[DATA PROVIDED]

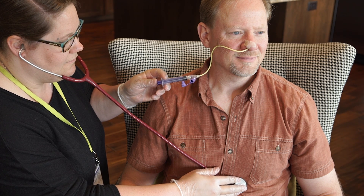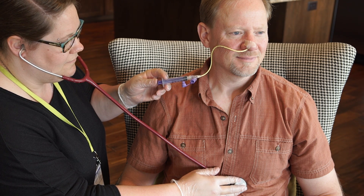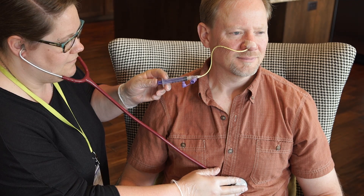If you do not hear the sound of air entering the stomach, follow the plan of care for replacing the tube.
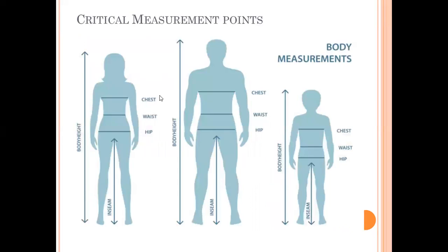These are the critical measurement points for male, female, and kids garments. Normally we focus on chest, waist, hip, inseam, and body length. These are the critical measurement points, and based on these — whether it is a top or bottom — all other measurement points are derived.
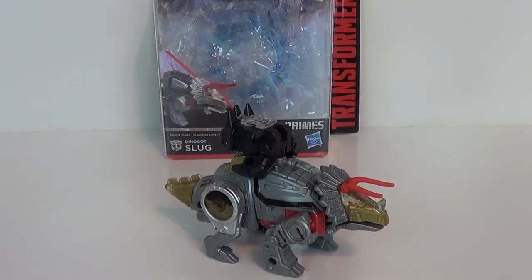Hey guys, Jason the X for SCNS Live, powered by CineLinks.com. This is the figure review of the Transformers Powers of the Prime Dinobot Slug — or Slag, if you want to go back to total G1.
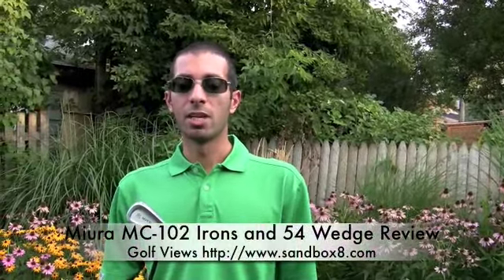Welcome to Golf Views on Sandbox8.com. Today we're reviewing the Miura MC-102 forged irons and wedge series from Miura Golf.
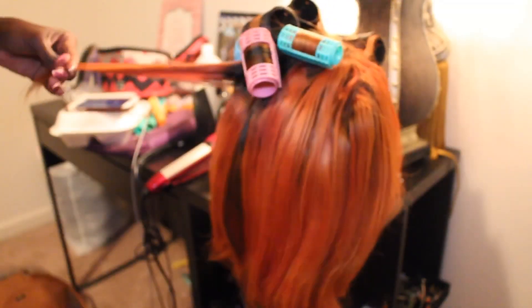I skipped the part where I washed it and blow dried it because I was being lazy, not gonna lie. But yep, this is it. If anyone has any more questions let me know. Thanks for watching.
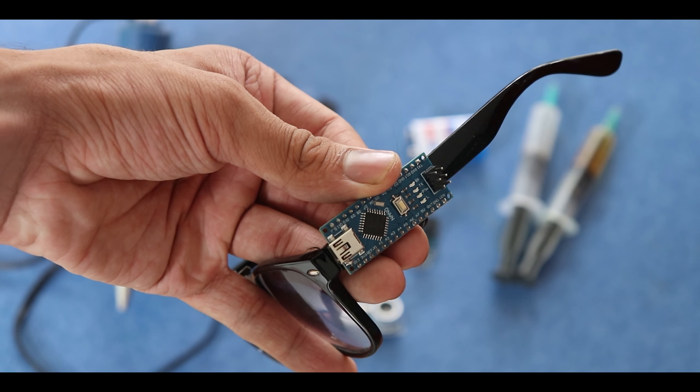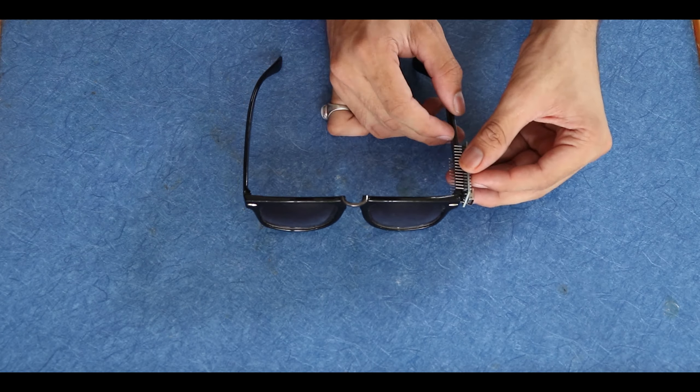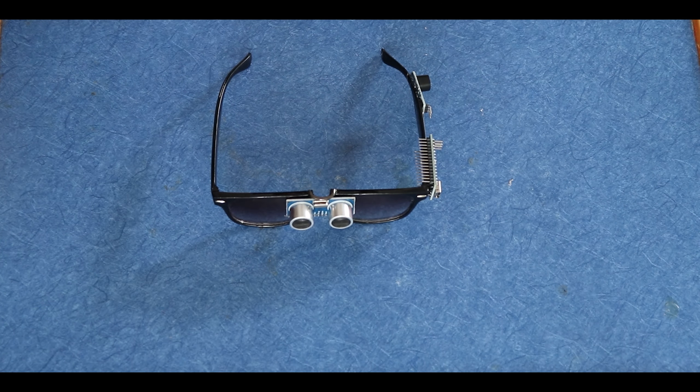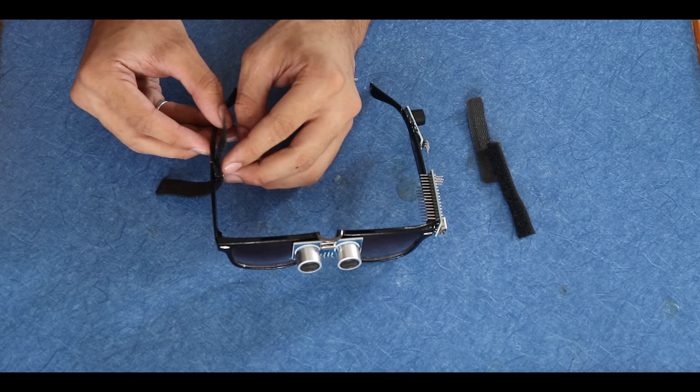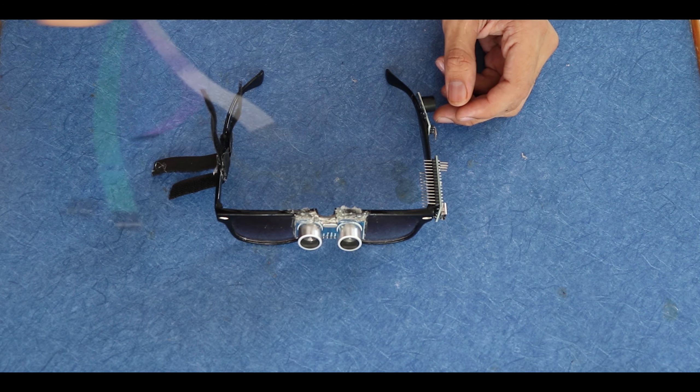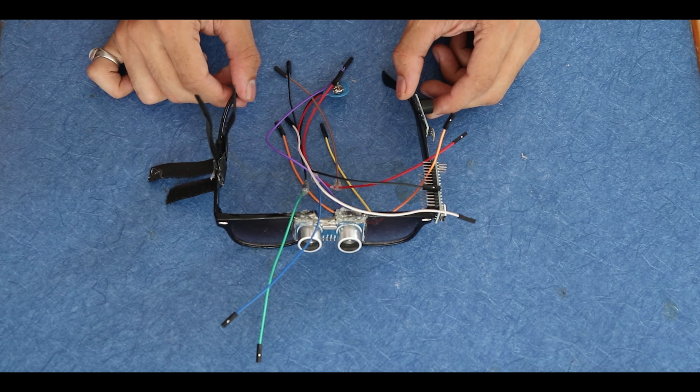You will also need a soldering iron, a scissor, and a velcro which you have to divide into two pieces. You will also need a glue gun, or alternatively you can use araldite. Now take your two jumper wires and cut one of them in half.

[/DATA PROVIDED]

**EXERCISE:** Repeat only the lines from the one holding "Hey guys, Jason" through the last line of the data, inclusive. Keep the pictures out.

**FINISHED EXERCISE:**
Hey guys, Jason the X for SCNS Live, powered by CineLinks.com. This is the figure review of the Transformers Powers of the Prime Dinobot Slug — or Slag, if you want to go back to total G1.
Welcome to Golf Views on Sandbox8.com. Today we're reviewing the Miura MC-102 forged irons and wedge series from Miura Golf.
I skipped the part where I washed it and blow dried it because I was being lazy, not gonna lie. But yep, this is it. If anyone has any more questions let me know. Thanks for watching.
You will also need a soldering iron, a scissor, and a velcro which you have to divide into two pieces. You will also need a glue gun, or alternatively you can use araldite. Now take your two jumper wires and cut one of them in half.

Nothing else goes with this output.